Problem: The line with "Nike Men's Flex" through the last line of the entries: give these again exactly, and only these, without any pictures.

(Excerpts from a dataset)

——————————

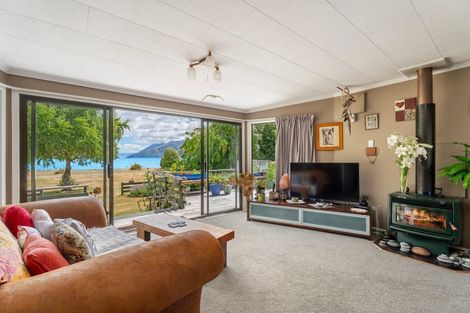 Photo of property in 64 Wesney Terrace, Kingston, Athol, 9793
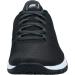 Nike Men's Flex Control TR4 Cross Trainer 10 - Black/White-Dark Smoke Grey-Smoke Grey - Buy Online on GoSupps.com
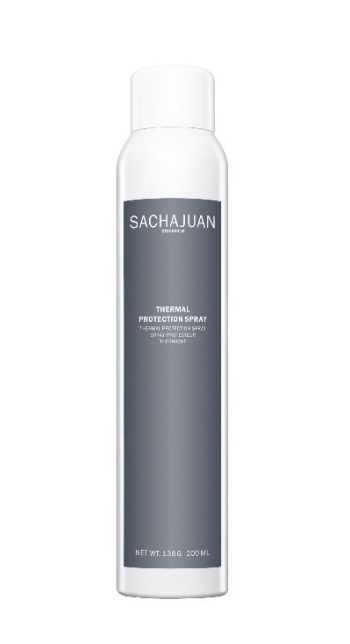 SACHAJUAN - Thermal Protection Spray - 200 ml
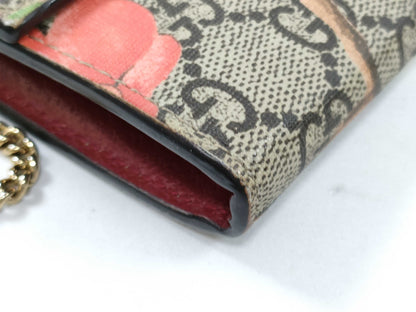 GUCCI Gucci Chain Shoulder Bag Shoulder Bag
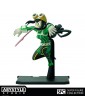 My Hero Academia - Tsuyu Asui PVC Figure 17Cm AbyStyle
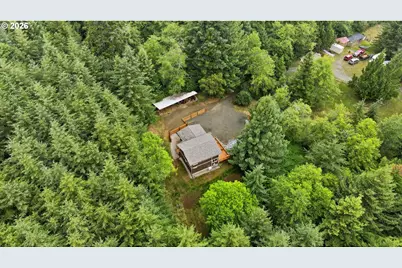 60398 Fox Glove Rd, Coos Bay, OR 97420 - Photo 45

——————————

Exercise result:
 Nike Men's Flex Control TR4 Cross Trainer 10 - Black/White-Dark Smoke Grey-Smoke Grey - Buy Online on GoSupps.com
 SACHAJUAN - Thermal Protection Spray - 200 ml
 GUCCI Gucci Chain Shoulder Bag Shoulder Bag
 My Hero Academia - Tsuyu Asui PVC Figure 17Cm AbyStyle
 60398 Fox Glove Rd, Coos Bay, OR 97420 - Photo 45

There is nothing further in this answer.